- [Extracted data]:
++++++
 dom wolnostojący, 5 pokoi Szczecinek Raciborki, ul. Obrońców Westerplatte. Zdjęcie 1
++++++
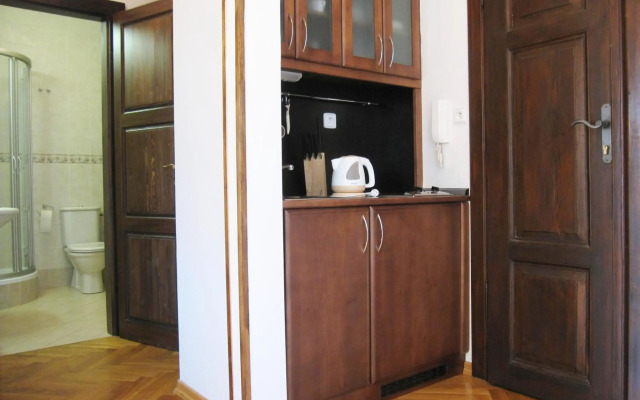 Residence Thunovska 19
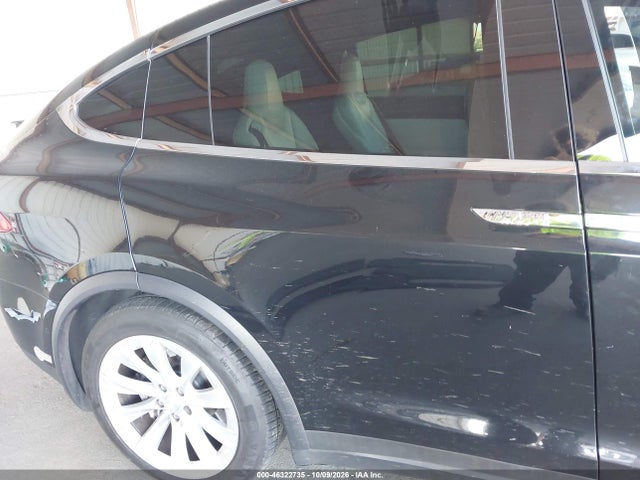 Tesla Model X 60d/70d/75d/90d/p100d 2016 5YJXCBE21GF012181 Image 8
++++++
Copy word for word the lines of the records above from the one with "Residence Thunovska 19" up to and including the one with "Tesla Model X". Skip the pictures.

- [Exercise response]:
 Residence Thunovska 19
 Tesla Model X 60d/70d/75d/90d/p100d 2016 5YJXCBE21GF012181 Image 8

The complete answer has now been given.